Hassan (1988) noted that the nature of Neolithic remains in Egypt suggests small communities living in short-lived settlements. Explanations for this are often environmental. As Hassan (1988, p. 154), for instance, suggests, “Large individual settlements may have been unlikely to develop because of the narrowness of the floodplain in the region,” in this case referring to the Badari region of Middle Egypt. Even later in the prehistoric sequence, there is little evidence for substantial architecture aside from the continued use of organic structures and introduction of mud huts. Hassan (1988, p. 155) notes that evidence from Naqada and later phases at Hemamieh, “suggests that up to about 3600 bp, the pattern of settlements consists of small, dispersed communities with small huts or shelters associated with storage pits, animal enclosures, and refuse areas.” As Wenke (1989, p. 142) notes, “For most of the fourth millennium BC, the majority of Egyptians lived in small communities of oval huts, with a transition to communities of interlocking mudbrick rectangular buildings coming only quite late.”

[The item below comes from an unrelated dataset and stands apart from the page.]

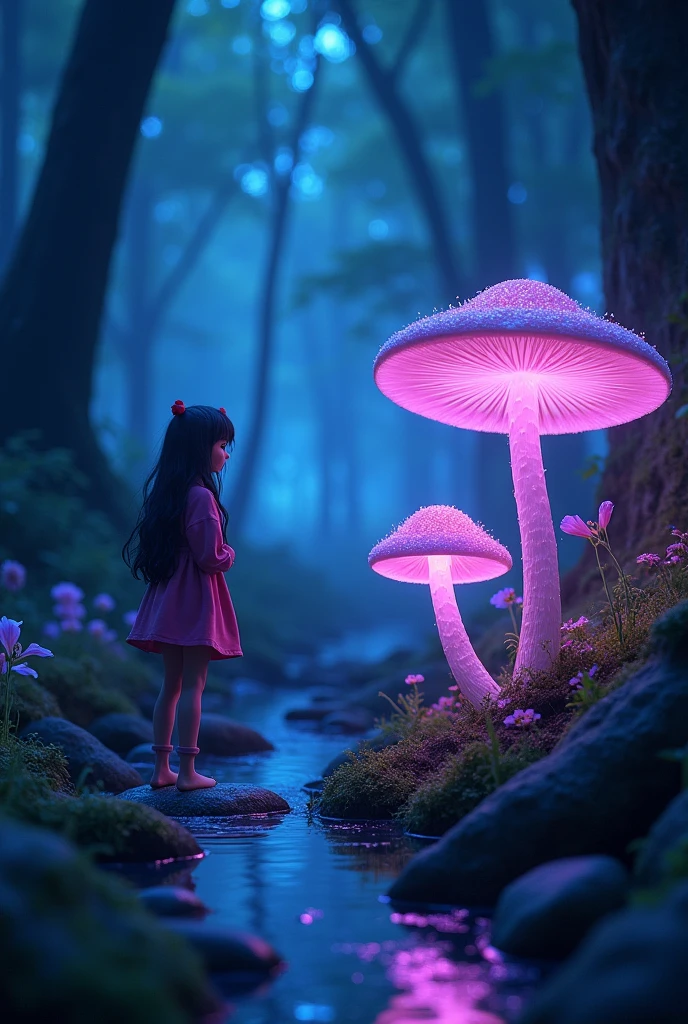 On the other side of the stream, Lila spotted something extraordinary—mushrooms that glowed with an ethereal light. They pulsed with a soft, inviting glow in shades of blue, pink, and purple. Curious, Lila hovered closer and noticed that the mushrooms seemed to hum with a gentle melody, resonating with the energy of the forest. The path of glowing fungi seemed to lead somewhere mysterious, and Lila eagerly followed.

In fact, there is very little evidence for substantial settlement architecture during much of the Predynastic (the Naqada I period rectangular structure at Hierakonpolis is one of the few exceptions, Hoffman 1979). While this is significant when thinking about the later Predynastic period where the key elements of state formation are the production of agricultural surplus, standardisation of production (e.g., pottery), trade and centralisation of storage, it also has implications for the relationship between the early Predynastic and the Neolithic. Comparing early Predynastic settlements with those identified in Neolithic sites, in addition to evidence for settlement pattern, the differences between the Neolithic and later times may be more in degree than in kind. Thus, it may be that storage or repeated occupations left less of a material trace in Egypt than in some places in southwest Asia because settlement in Egypt shifted spatially and more frequently through time.

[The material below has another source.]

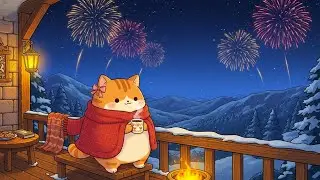 Cozy Cat's Winter Fireworks 🎆 Jazzy Lofi to Start 2026 ❄️ Relaxing Vibes for Sleep & Study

In reviewing the Egyptian evidence, there are a number of factors that may have affected the ability to continuously occupy a spatially restricted location. In the case of Merimde, for example, the shifting river had an impact on the location of settlement. In the western desert sites and, to some degree, at Dakhleh and Nabta Playa, shifts in local environmental conditions may be responsible for shifts in the locations that were occupied at different times. The same may be true of the Fayum. Here, local environmental conditions, like the changing water levels in the lake basins, necessitated the movement of settlement. This need not have involved inundation by rising lake waters but might have reflected the lack of accessible locations from which to exploit spawning fish, the inability to repeatedly cultivate the same tract of land, if rain-fed agriculture was practiced, and/or the absence of fresh sediment that required a shift in the position of “fields.” There may equally be social or other economic reasons why settlement shifted, and of course, any of these reasons may have changed over time.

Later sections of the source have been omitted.